The Future of Conservatism

“Come, come, my conservative friend, wipe the dew off your spectacles, and see that the world is moving.” –Elizabeth Cady Stanton

One of my favorite blogs is the Becker and Posner blog. Gary Becker is a professor of economics at the University of Chicago and Richard Posner is a judge who teaches at the University of Chicago law school.

They recently each posted about the future of the conservative movement in the United States. Becker’s post is here and Posner’s posts is here. They both discuss the decline of intellectual conservatism. Basically, conservative thought in the US has been hijacked by blowhards like O’Reily and Hannity and crazed evangelicals, although Posner says it much more diplomatically:

“My theme is the intellectual decline of conservatism, and it is notable that the policies of the new conservatism are powered largely by emotion and religion and have for the most part weak intellectual groundings.”

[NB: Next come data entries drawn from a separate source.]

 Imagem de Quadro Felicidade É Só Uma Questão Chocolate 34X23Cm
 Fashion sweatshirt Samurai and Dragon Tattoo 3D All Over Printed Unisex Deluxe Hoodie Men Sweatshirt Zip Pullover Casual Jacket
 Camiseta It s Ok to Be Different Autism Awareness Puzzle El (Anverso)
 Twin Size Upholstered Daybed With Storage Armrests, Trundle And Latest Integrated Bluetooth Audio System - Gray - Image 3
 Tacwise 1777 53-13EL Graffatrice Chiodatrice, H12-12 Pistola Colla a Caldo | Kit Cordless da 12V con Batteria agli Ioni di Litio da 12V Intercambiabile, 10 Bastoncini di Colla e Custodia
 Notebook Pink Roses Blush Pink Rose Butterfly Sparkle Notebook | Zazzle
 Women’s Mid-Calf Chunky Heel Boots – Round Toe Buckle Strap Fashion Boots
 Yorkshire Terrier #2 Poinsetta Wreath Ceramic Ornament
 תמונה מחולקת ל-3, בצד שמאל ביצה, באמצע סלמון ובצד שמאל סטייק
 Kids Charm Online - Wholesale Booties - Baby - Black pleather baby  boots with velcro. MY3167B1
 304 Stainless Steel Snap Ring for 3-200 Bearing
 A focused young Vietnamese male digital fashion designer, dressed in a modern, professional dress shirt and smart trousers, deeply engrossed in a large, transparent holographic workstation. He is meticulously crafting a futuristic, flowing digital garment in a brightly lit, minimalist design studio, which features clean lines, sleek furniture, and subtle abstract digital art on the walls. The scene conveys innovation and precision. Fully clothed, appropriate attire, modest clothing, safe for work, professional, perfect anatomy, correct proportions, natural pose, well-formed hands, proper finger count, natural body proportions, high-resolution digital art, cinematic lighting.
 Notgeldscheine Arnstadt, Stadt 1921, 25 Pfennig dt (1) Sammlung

Nate Silver examines Posner’s comments. He looks at the presidential votes of college graduates:

Essentially, he concludes that Republicans, “have lost the egghead vote.” This is problematic for the conservatives, and not just because this means they advocate terrible public policy. It has become a major albatross for them in elections.

Becker notes that:

“A political party, like the Republican Party, may encompass both economic conservatives, and social and international conservatives, even though the philosophies behind each type are inconsistent with each other. The reason is that for parties to compete at the national level, or in other large political arenas, they have to put together coalitions of groups with different interests, such as different types of conservatives, or market interventionists with laissez faire internationalists. However, even large parties are generally stronger and more coherent when different factions share most of the same philosophy. The Democratic Party is now fairly well united in the belief that governments frequently do better than private decision makers in both the economic and social spheres.”

Silver depicts this problem with a handy dandy Venn diagram:

That center space isn’t enough to win elections with.